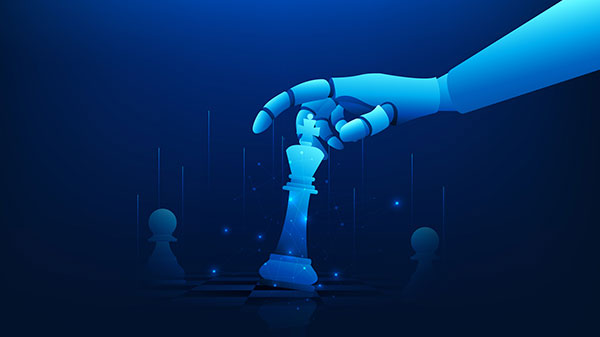 Supply chain AI initiatives deliver the greatest value when organizations redesign decision-making processes, connect operational actions to business outcomes, and use scenario-based intelligence to optimize enterprise-wide performance.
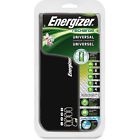 Chfc Energizer Family Size Nimh Battery Charger 039800036964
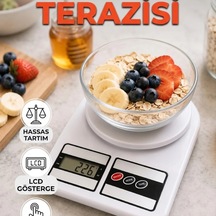 Renkli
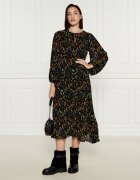 Desigual Rochie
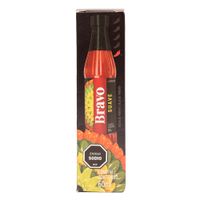 Salsa-picante-BRAVO-suave-60-ml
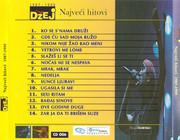Dzej Ramadanovski - Diskografija R-4988619-1381479799-6773-jpeg
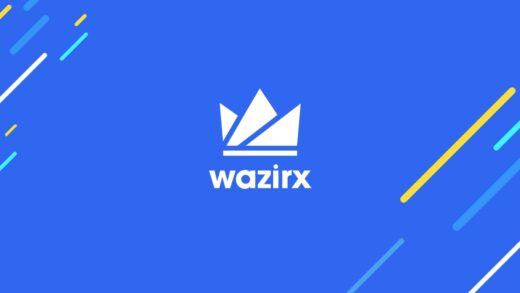 Indian Crypto Exchange WazirX Lays Off 40 of Its Employees Sources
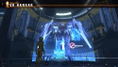Gundam Breaker thumbnail 7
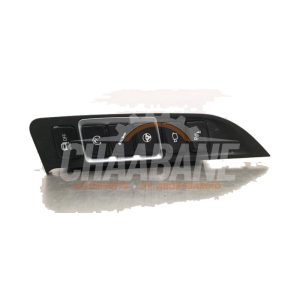 Commutateur (divers) 61317850488 BMW M4 (F82) M4 3.0 24V TwinPower Turbo 2014 / 2020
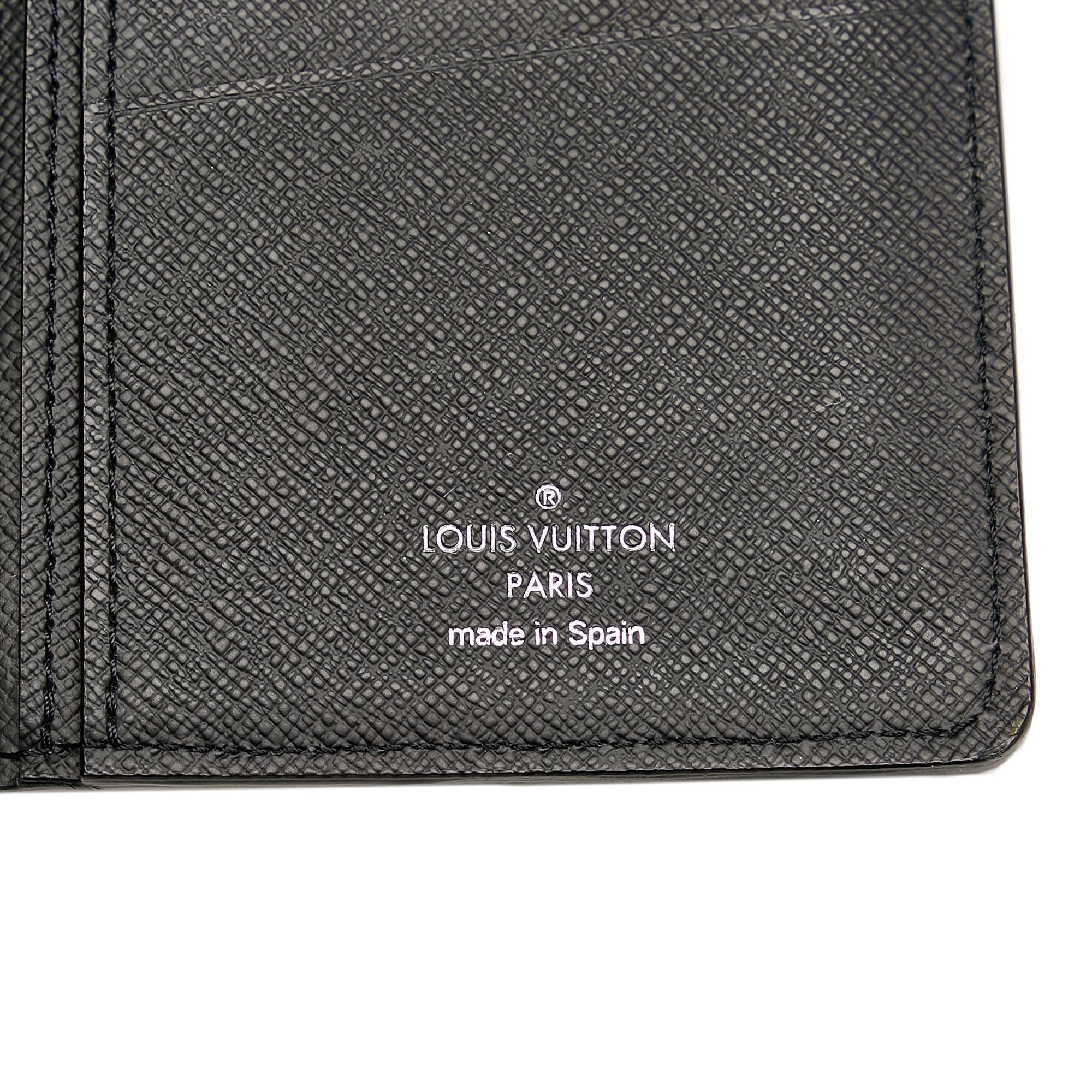 LO-LV bags 7591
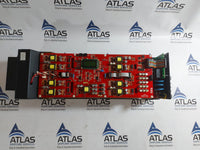 HPE-POWER HVTA-400-6-600 INTELLIGENT UV INVERTER BALLAST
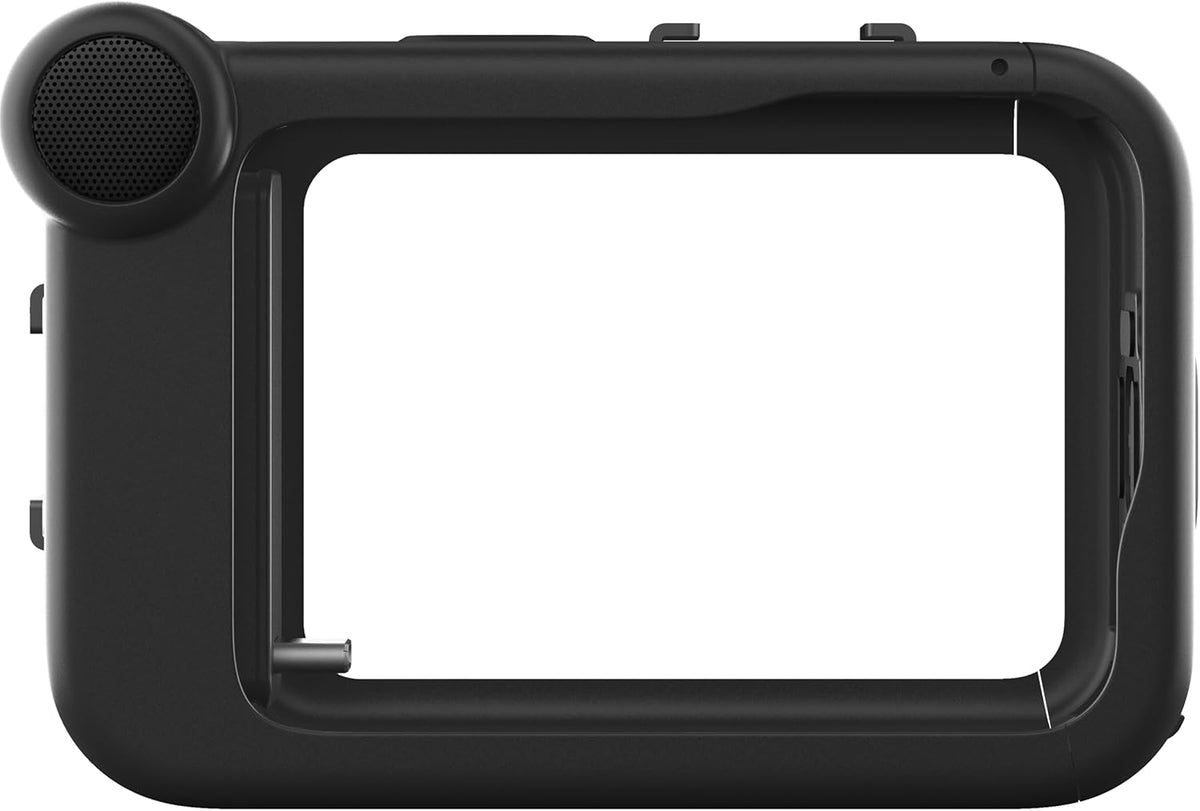 Media Mod for HERO11 Black HERO10 Black HERO9 Black U560337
☆ ☆ ☆ ☆ ☆ ☆ ☆
What is being asked » Each line from the one bearing "Chfc Energizer Family" through the final line of the records is to be copied exactly, and no pictures are to be included.

Expected output »
 Chfc Energizer Family Size Nimh Battery Charger 039800036964
 Renkli
 Desigual Rochie
 Salsa-picante-BRAVO-suave-60-ml
Dzej Ramadanovski - Diskografija R-4988619-1381479799-6773-jpeg
 Indian Crypto Exchange WazirX Lays Off 40 of Its Employees Sources
Gundam Breaker thumbnail 7
 Commutateur (divers) 61317850488 BMW M4 (F82) M4 3.0 24V TwinPower Turbo 2014 / 2020
 LO-LV bags 7591
 HPE-POWER HVTA-400-6-600 INTELLIGENT UV INVERTER BALLAST
 Media Mod for HERO11 Black HERO10 Black HERO9 Black U560337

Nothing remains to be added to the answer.